Problem statement: Pictures stay out of the copy, which must hold exactly the lines from the one containing "Michael Clement Fisher, ca" through the end of the material below.
--------
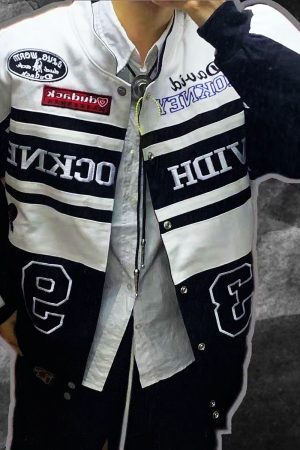 Style Core Aesthetics, New Style Trends - Leather racing jacket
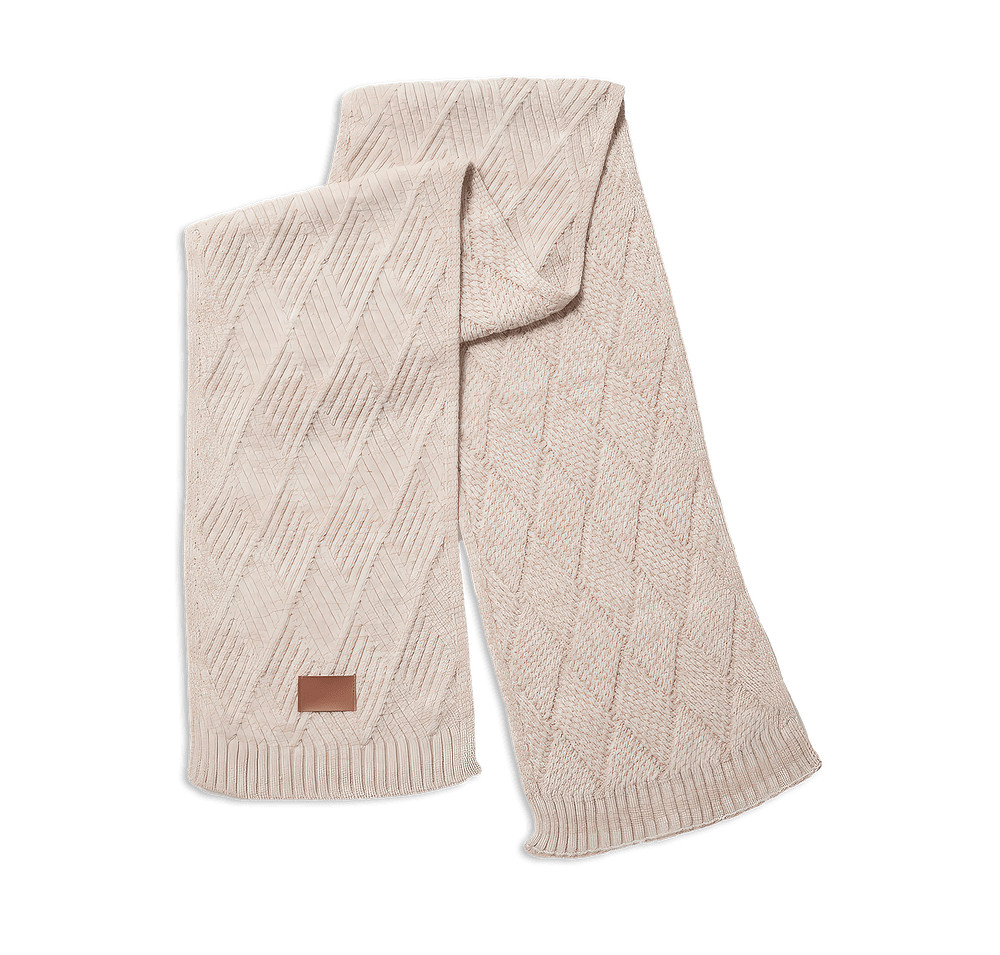Debossed Leeman Trellis Knit Scarf-default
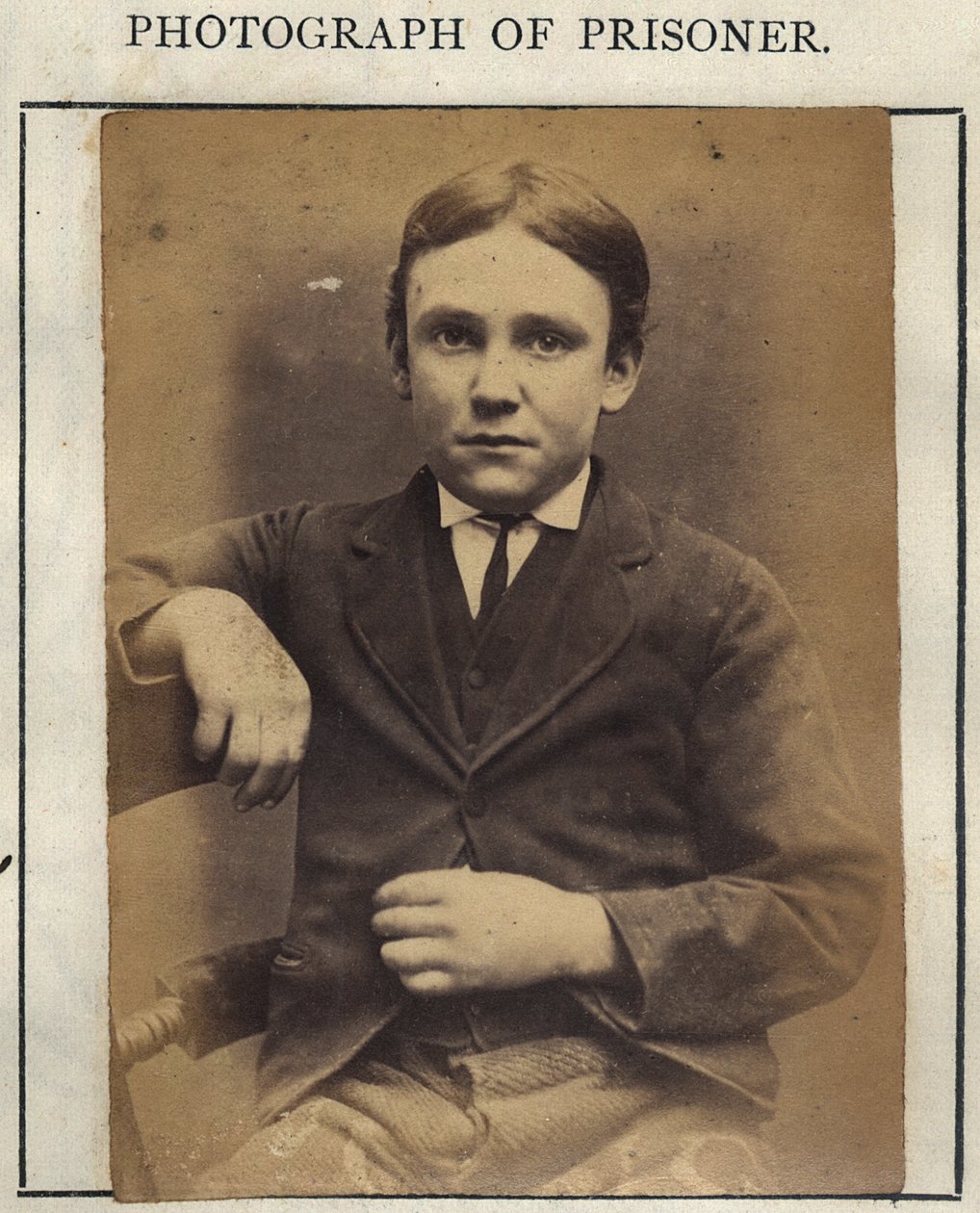 Michael Clement Fisher, ca 1870 (sepiafoto) av English School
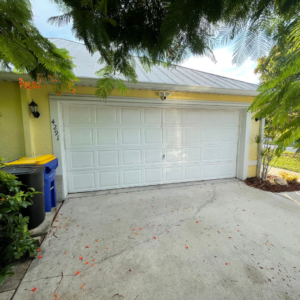 closed garage door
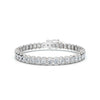 The Horizon Link: 2.03 CTW Half-Bezel Diamond Tennis Bracelet 14K-18K Gold/Platinum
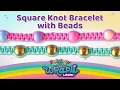 Square Knot Bracelet with Beads Macrame Bracelet Wrapit Loom Tutorial by Angelynn TutorialsByA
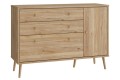 Μικρός μπουφές HARLSSON 125cm χρώμα δρυός mauvella 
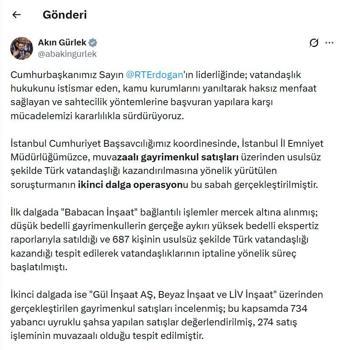 Usulsüz vatandaşlık soruşturmasında 72 gözaltı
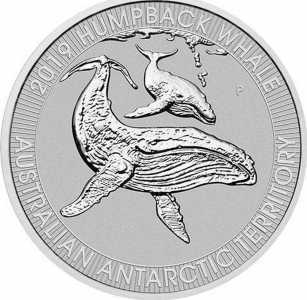  30 долларов 2019 года, Горбатый кит, фото 2 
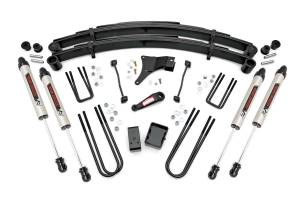 Rough Country - Rough Country Suspension Lift Kit w/Shocks 6 in. Lift V2 Monotube Shocks Incl. 4 in. Lift Blocks - 49370 - Image 2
--------
Answer for the task:
 Michael Clement Fisher, ca 1870 (sepiafoto) av English School
 closed garage door
 The Horizon Link: 2.03 CTW Half-Bezel Diamond Tennis Bracelet 14K-18K Gold/Platinum
 Square Knot Bracelet with Beads Macrame Bracelet Wrapit Loom Tutorial by Angelynn TutorialsByA
 Μικρός μπουφές HARLSSON 125cm χρώμα δρυός mauvella 
 Usulsüz vatandaşlık soruşturmasında 72 gözaltı
  30 долларов 2019 года, Горбатый кит, фото 2 
 Rough Country - Rough Country Suspension Lift Kit w/Shocks 6 in. Lift V2 Monotube Shocks Incl. 4 in. Lift Blocks - 49370 - Image 2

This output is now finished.